Task details:
Exactly the lines below from the line with "A41 Replacement thumbnail" through the line with "Ex On The Beach - Season 8 Episode 8" must make up the answer, both ends included and pictures left out.
_____
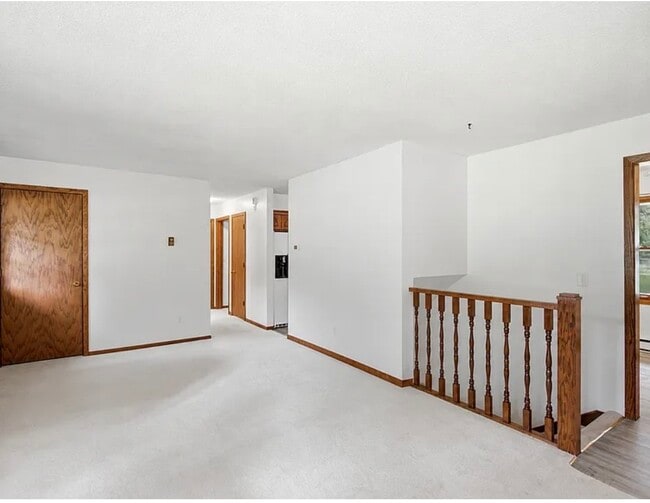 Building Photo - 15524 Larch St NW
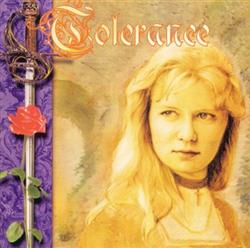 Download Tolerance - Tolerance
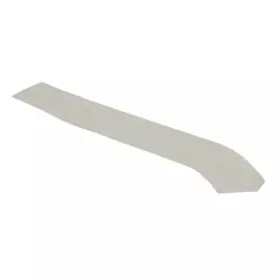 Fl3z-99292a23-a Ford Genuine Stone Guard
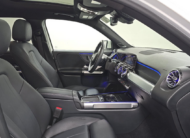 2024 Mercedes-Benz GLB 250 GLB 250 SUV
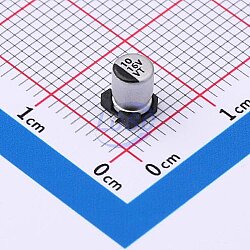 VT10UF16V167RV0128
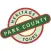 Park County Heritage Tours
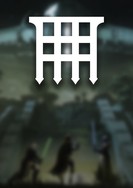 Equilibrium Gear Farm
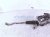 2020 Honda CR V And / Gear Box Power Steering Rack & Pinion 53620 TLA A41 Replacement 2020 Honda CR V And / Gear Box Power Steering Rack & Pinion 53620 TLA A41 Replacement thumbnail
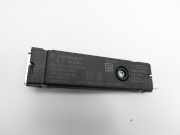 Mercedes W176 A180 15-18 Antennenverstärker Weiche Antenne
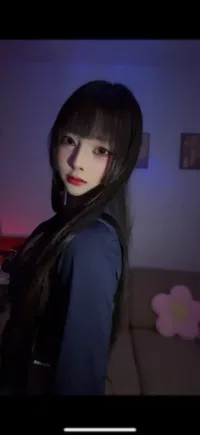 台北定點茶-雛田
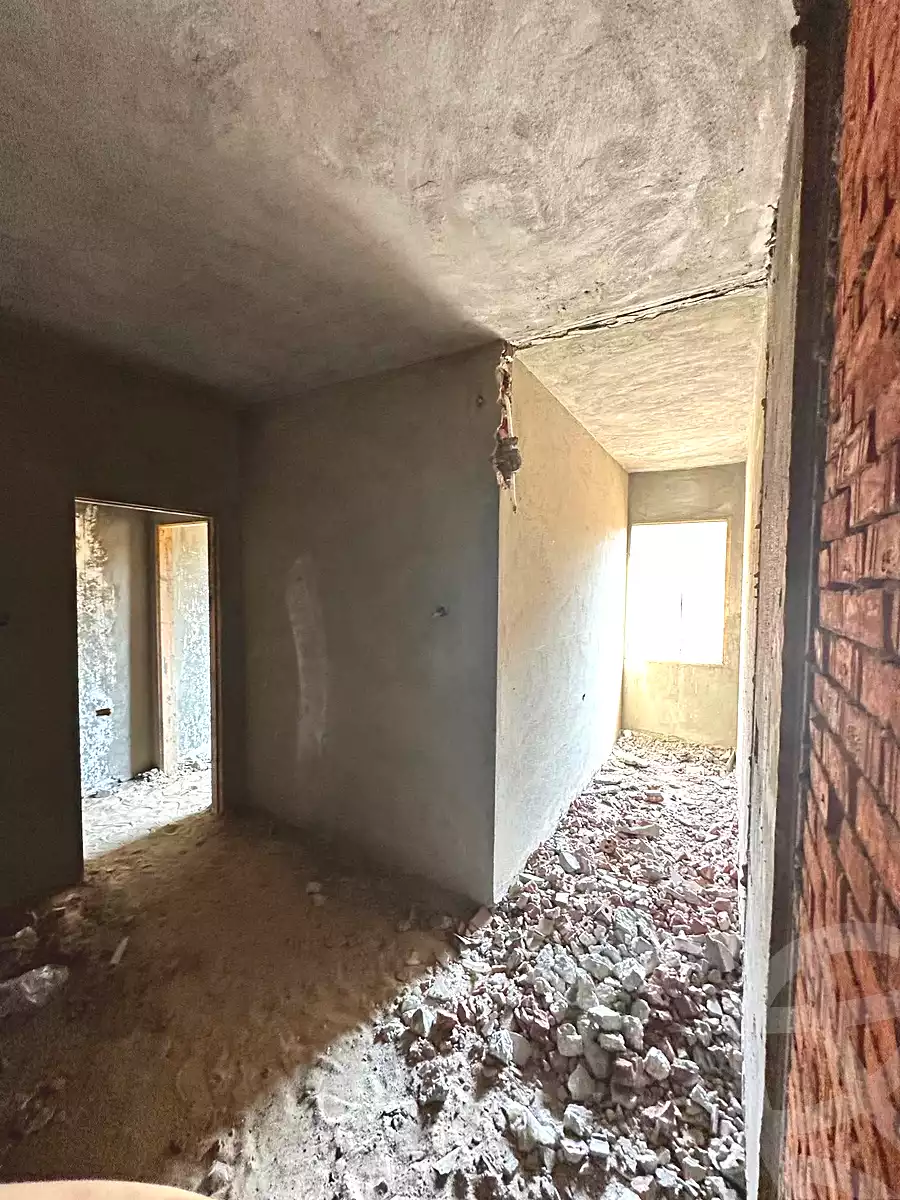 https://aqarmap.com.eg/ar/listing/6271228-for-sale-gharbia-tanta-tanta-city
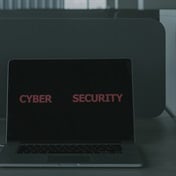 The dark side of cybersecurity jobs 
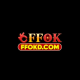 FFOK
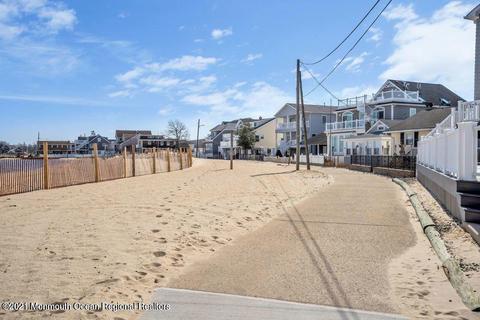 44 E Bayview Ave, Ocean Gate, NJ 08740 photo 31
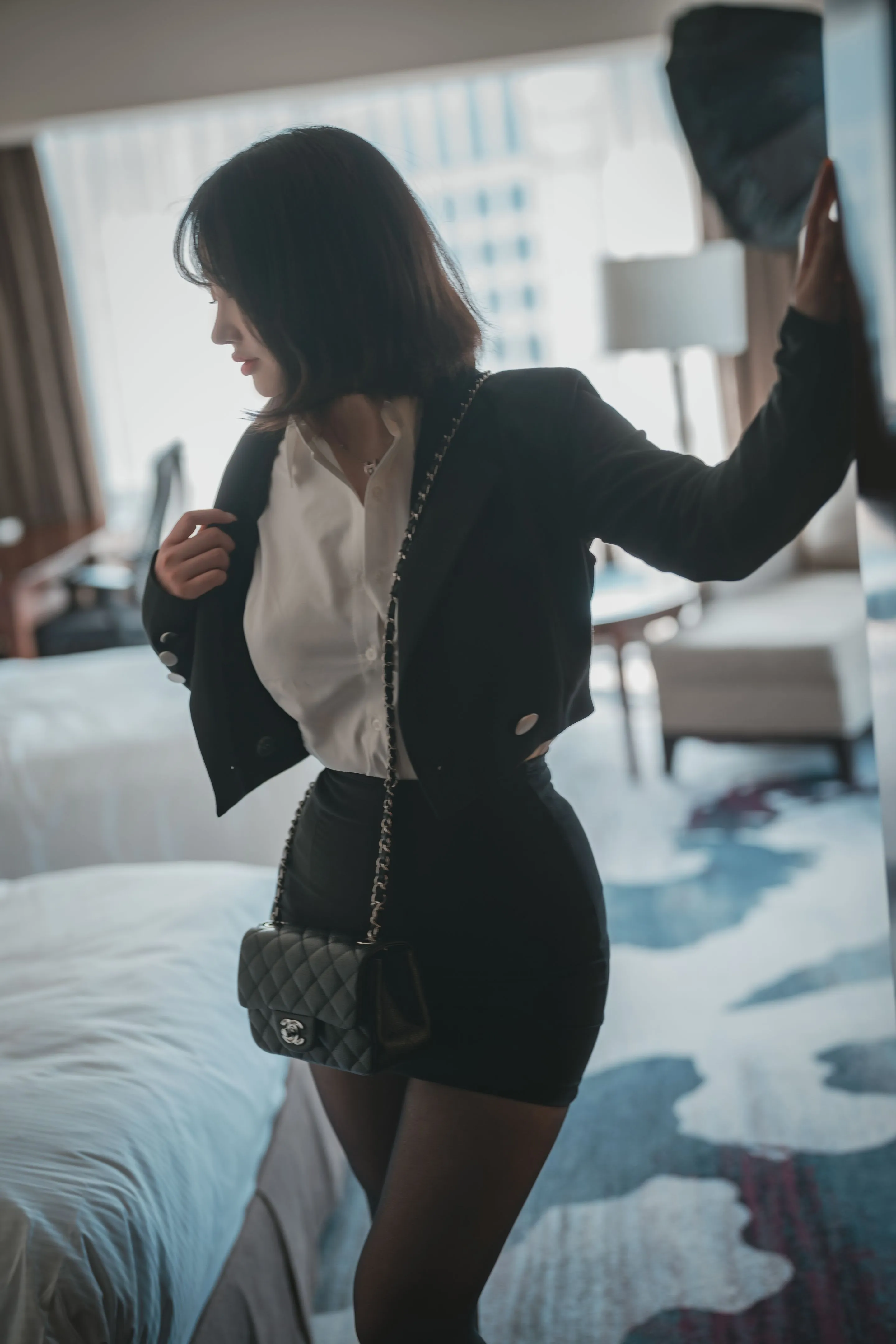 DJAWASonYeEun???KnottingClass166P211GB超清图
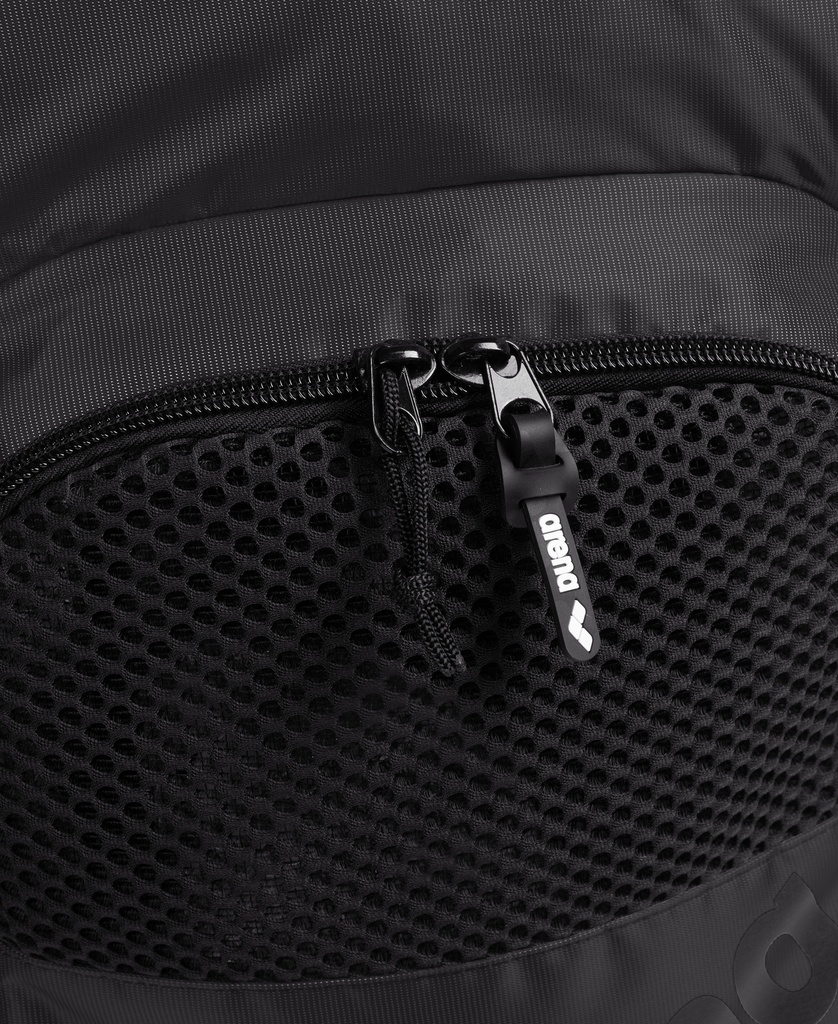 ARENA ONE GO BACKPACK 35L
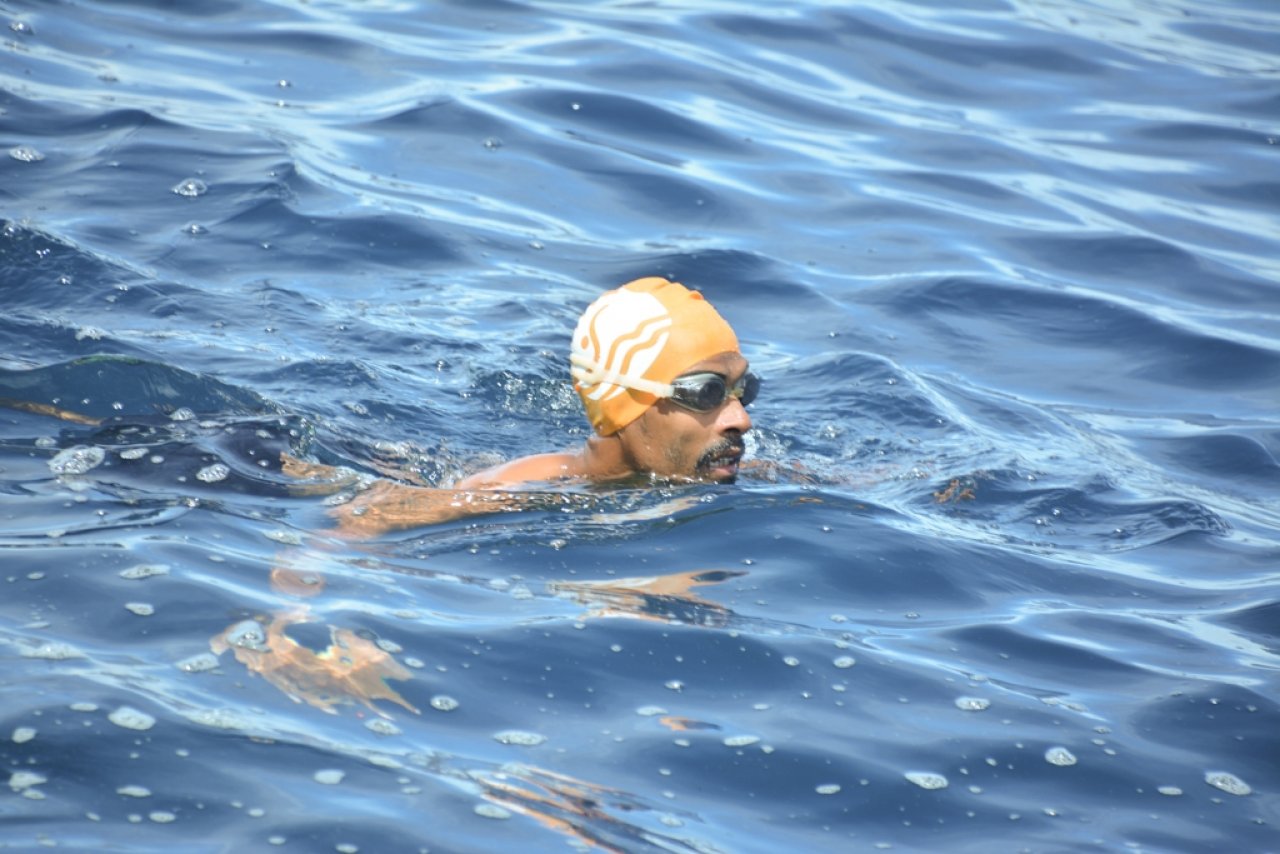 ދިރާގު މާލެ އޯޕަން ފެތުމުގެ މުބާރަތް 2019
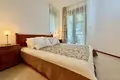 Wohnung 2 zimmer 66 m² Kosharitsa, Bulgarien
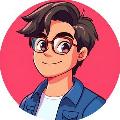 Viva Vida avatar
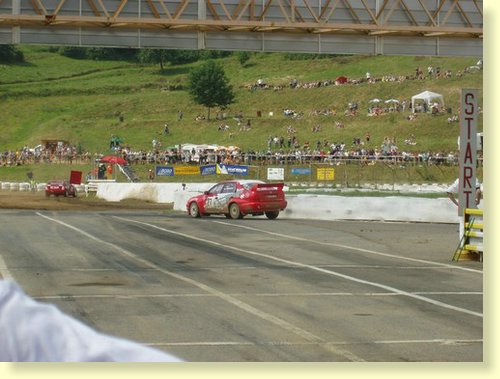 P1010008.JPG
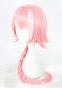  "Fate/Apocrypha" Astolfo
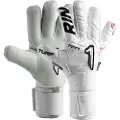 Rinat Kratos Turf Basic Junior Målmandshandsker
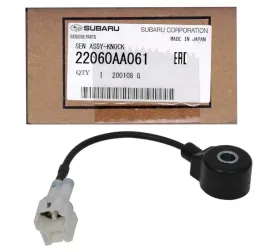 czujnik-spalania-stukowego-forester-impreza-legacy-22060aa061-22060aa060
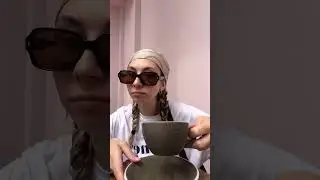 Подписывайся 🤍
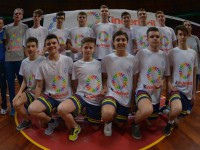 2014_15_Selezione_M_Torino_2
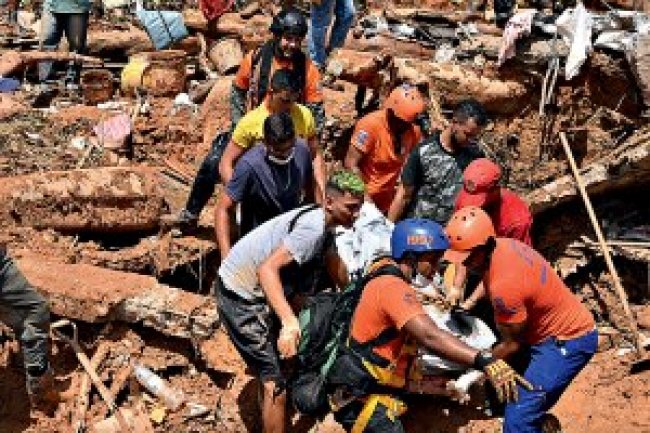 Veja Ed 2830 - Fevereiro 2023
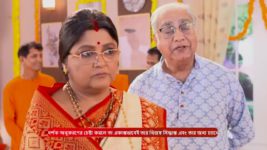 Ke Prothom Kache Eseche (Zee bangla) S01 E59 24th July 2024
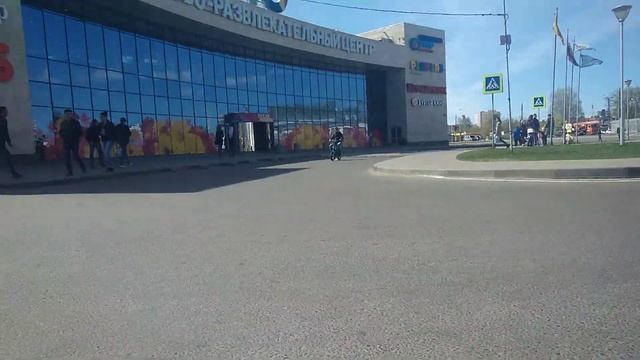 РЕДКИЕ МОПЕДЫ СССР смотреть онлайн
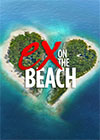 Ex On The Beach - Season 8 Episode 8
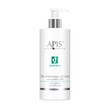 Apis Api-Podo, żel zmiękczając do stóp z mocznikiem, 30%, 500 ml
_____
Solution to the problem:
 2020 Honda CR V And / Gear Box Power Steering Rack & Pinion 53620 TLA A41 Replacement 2020 Honda CR V And / Gear Box Power Steering Rack & Pinion 53620 TLA A41 Replacement thumbnail
 Mercedes W176 A180 15-18 Antennenverstärker Weiche Antenne
 台北定點茶-雛田
 https://aqarmap.com.eg/ar/listing/6271228-for-sale-gharbia-tanta-tanta-city
 The dark side of cybersecurity jobs 
 FFOK
 44 E Bayview Ave, Ocean Gate, NJ 08740 photo 31
 DJAWASonYeEun???KnottingClass166P211GB超清图
 ARENA ONE GO BACKPACK 35L
 ދިރާގު މާލެ އޯޕަން ފެތުމުގެ މުބާރަތް 2019
 Wohnung 2 zimmer 66 m² Kosharitsa, Bulgarien
 Viva Vida avatar
 P1010008.JPG
  "Fate/Apocrypha" Astolfo
 Rinat Kratos Turf Basic Junior Målmandshandsker
 czujnik-spalania-stukowego-forester-impreza-legacy-22060aa061-22060aa060
 Подписывайся 🤍
 2014_15_Selezione_M_Torino_2
 Veja Ed 2830 - Fevereiro 2023
 Ke Prothom Kache Eseche (Zee bangla) S01 E59 24th July 2024
 РЕДКИЕ МОПЕДЫ СССР смотреть онлайн
 Ex On The Beach - Season 8 Episode 8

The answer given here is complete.